+++ RECORDS FOR THIS TASK +++
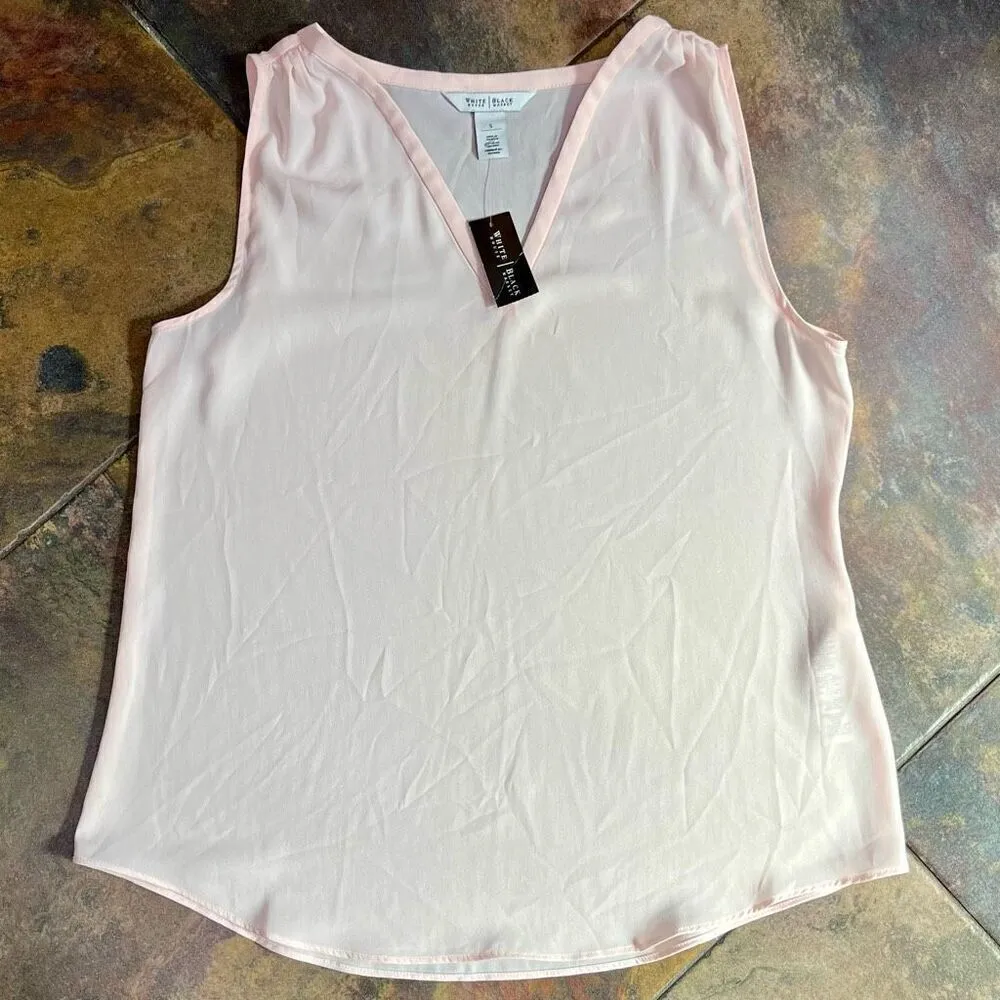 NWT White House Black Market Light Pink V-Neck Blouse Small - Image 4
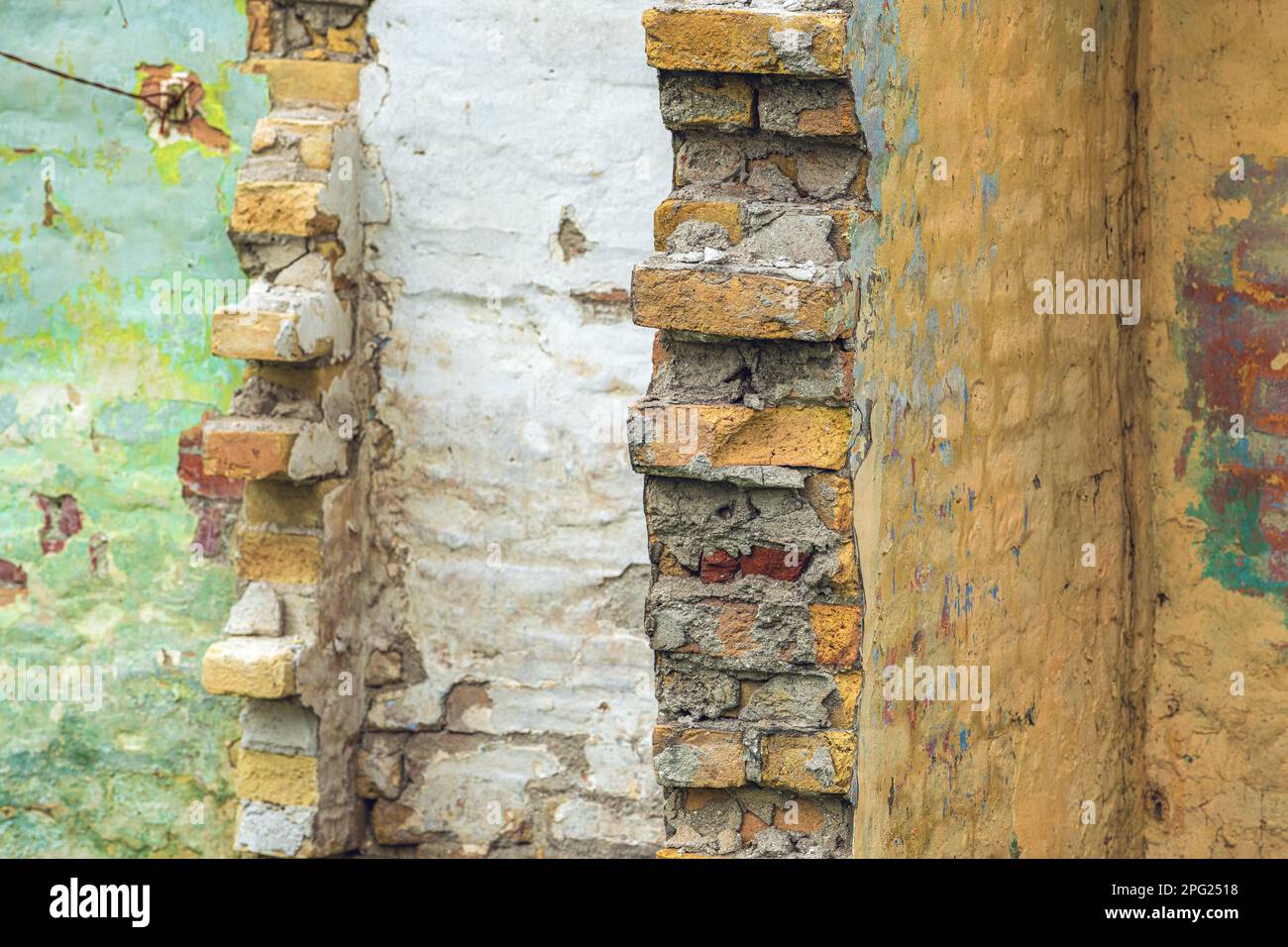 Vieux mur de briques et la maison ruinée comme arrière-plan, foyer sélectif Banque D'Images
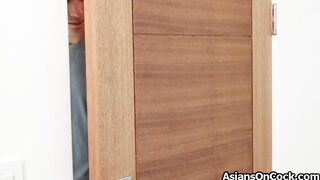 Asian cosplay hottie milks fat dick before convention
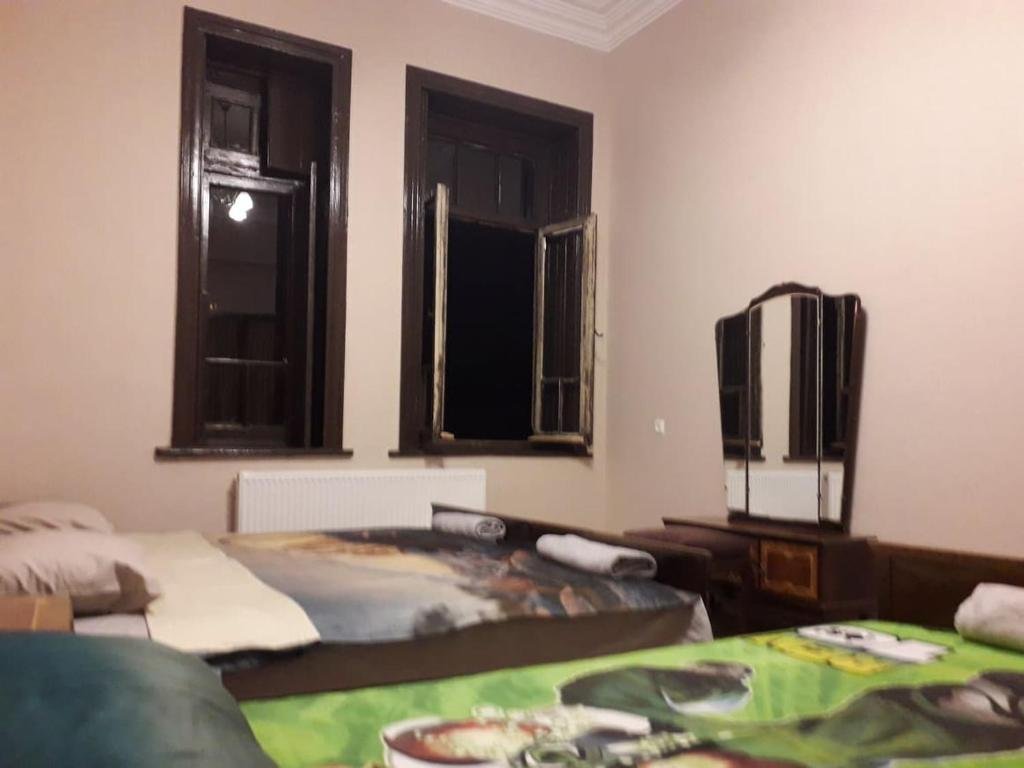 Тбилиси: Private Home In Old Town 1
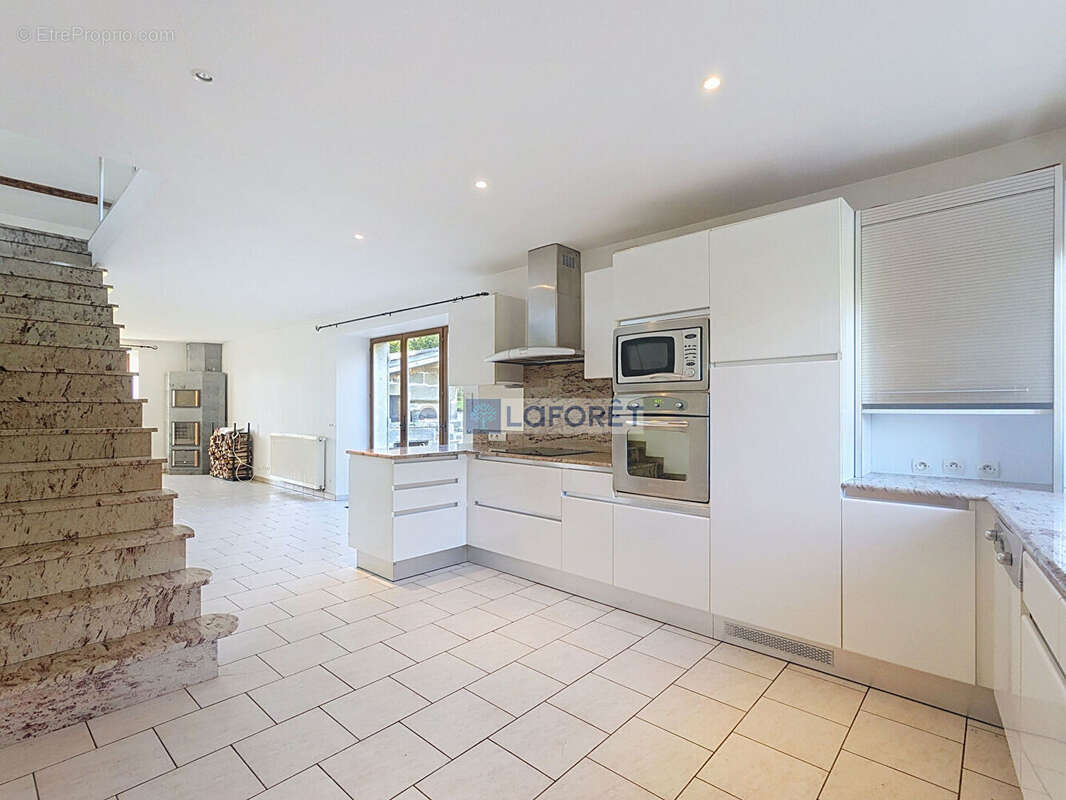 Maison à FRESNES-SUR-APANCE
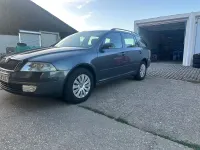Gebraucht Skoda Octavia LAURIN & KLEMENT 140 PS (102 kW) 2007 Grau Kombi
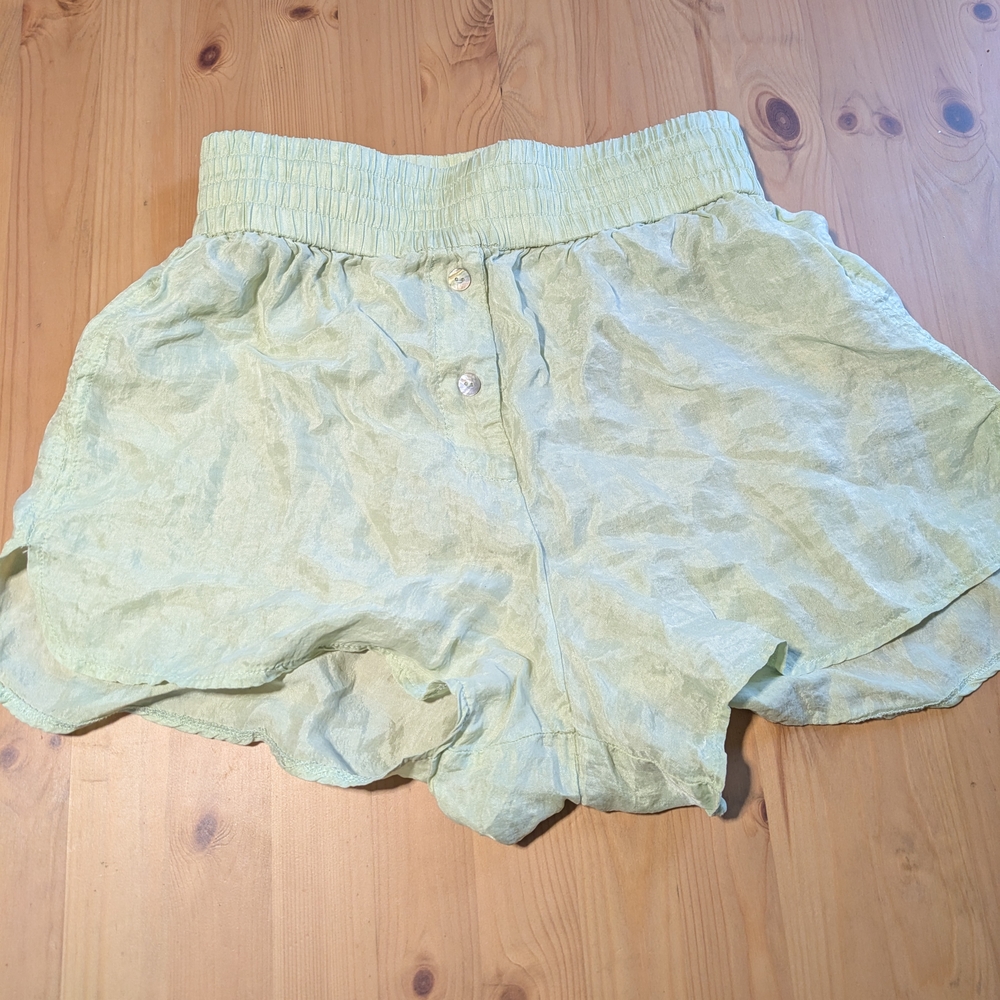 Zara High Waist Green Shorts with Relaxed Fit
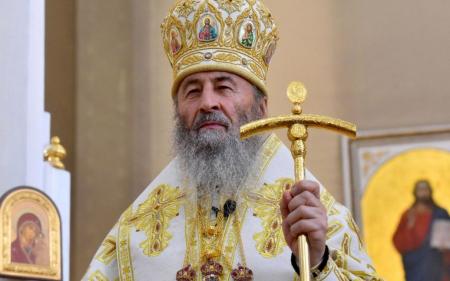 Онуфрій очолив недільну службу в Києво-Печерській лаврі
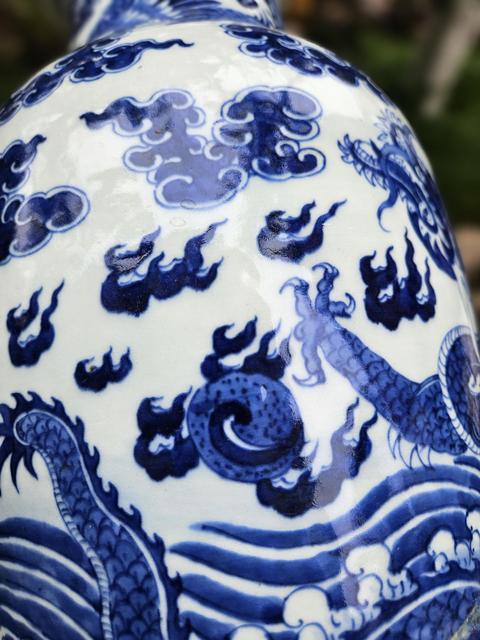 古玩陶瓷龍鳳紋青花瓶真品鑒賞圖
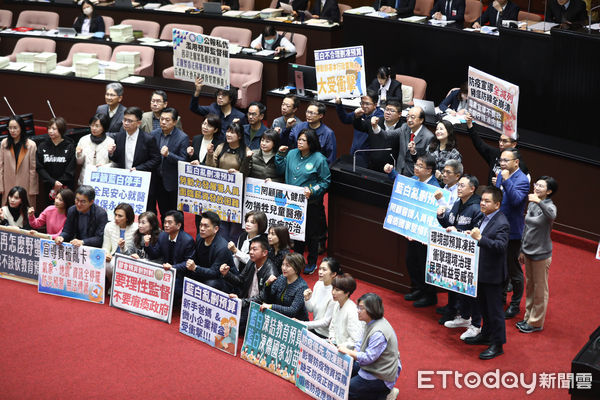 ▲立法院審查中央政府總預算三讀通過，民進黨團合照。（圖／記者林敬旻攝）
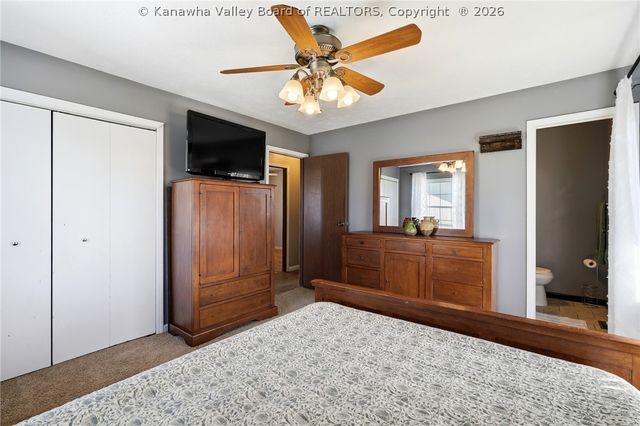 509 Hurricane Court, Hurricane, WV 25526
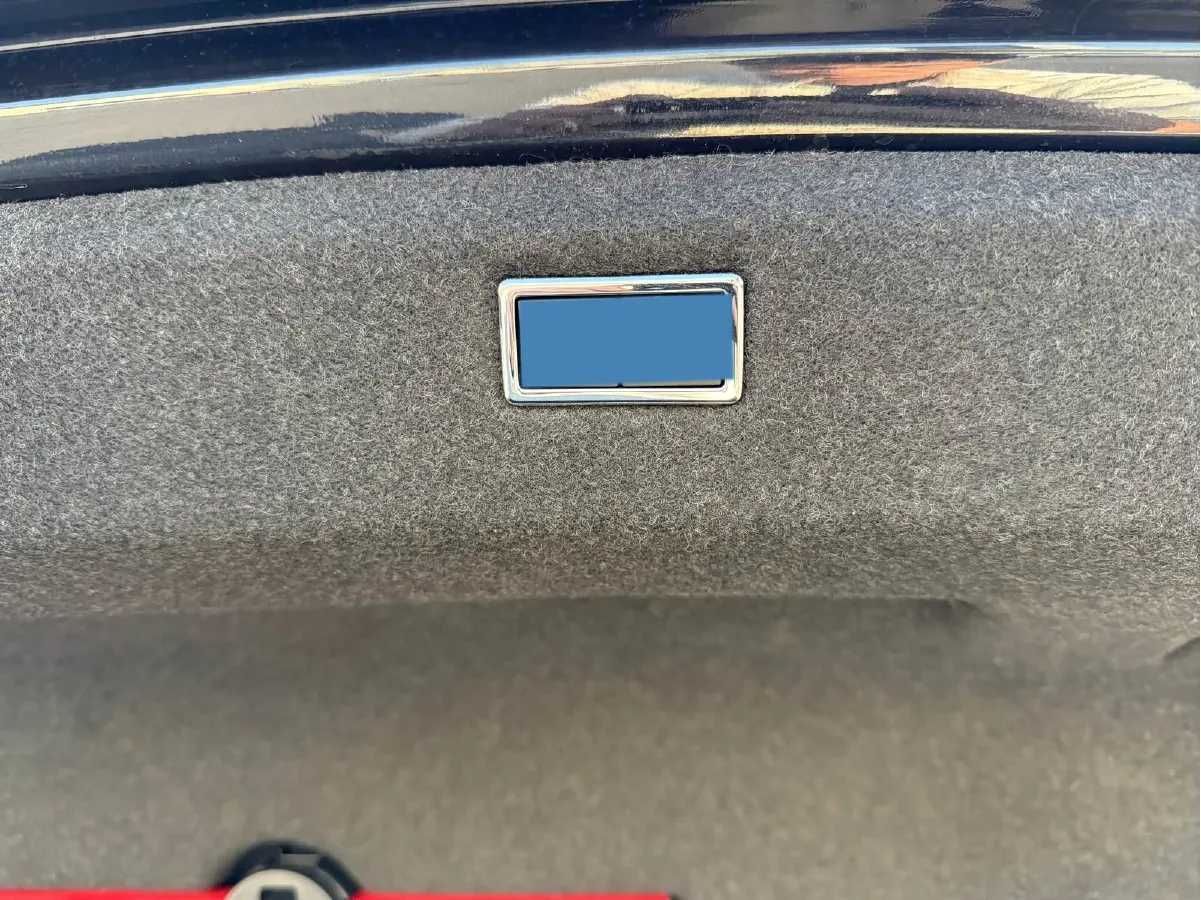 2019 Volkswagen Phideon 2.0T 224HP L4 7DCT,autocango,china used car exporter,china ev exporter,chinese used car exporter,chinese used ev exporter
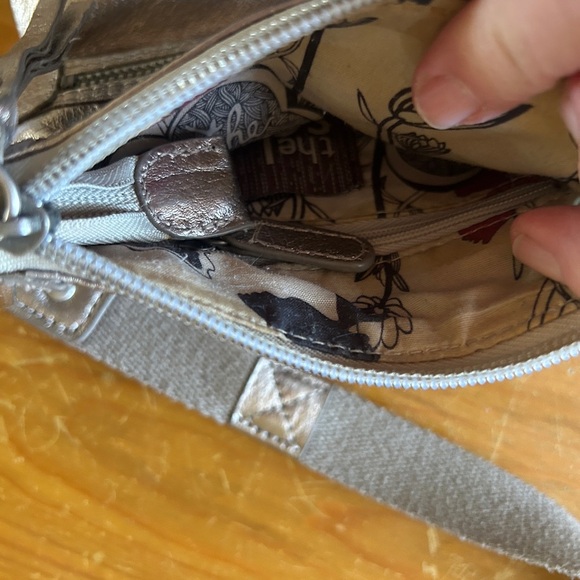 EUC The Sak gold leather crossbody. Small - 6x8 inches. Holds phone, cards, keys - Picture 5 of 8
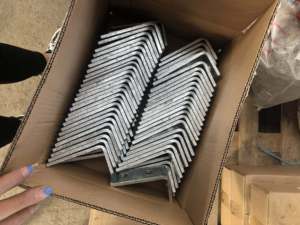 รับผลิตแบบ OEM และ ODM แผ่นฐานรูปตัว L แบบ 90 องศา รุ่น TF204 สามรู ติดตั้งง่าย ชุบกัลวาไนซ์แบบจุ่มร้อน หนา 6 มม. สำหรับประกอบ - Product Image 5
+++
## WHAT YOU ARE ASKED TO DO
Please copy out from the data above, without any picture, exactly the lines running from the one that holds "Онуфрій очолив недільну" through the one that holds "EUC The Sak", and nothing beyond them.

## SOLUTION FOR THIS TASK
 Онуфрій очолив недільну службу в Києво-Печерській лаврі
 古玩陶瓷龍鳳紋青花瓶真品鑒賞圖
 ▲立法院審查中央政府總預算三讀通過，民進黨團合照。（圖／記者林敬旻攝）
 509 Hurricane Court, Hurricane, WV 25526
 2019 Volkswagen Phideon 2.0T 224HP L4 7DCT,autocango,china used car exporter,china ev exporter,chinese used car exporter,chinese used ev exporter
 EUC The Sak gold leather crossbody. Small - 6x8 inches. Holds phone, cards, keys - Picture 5 of 8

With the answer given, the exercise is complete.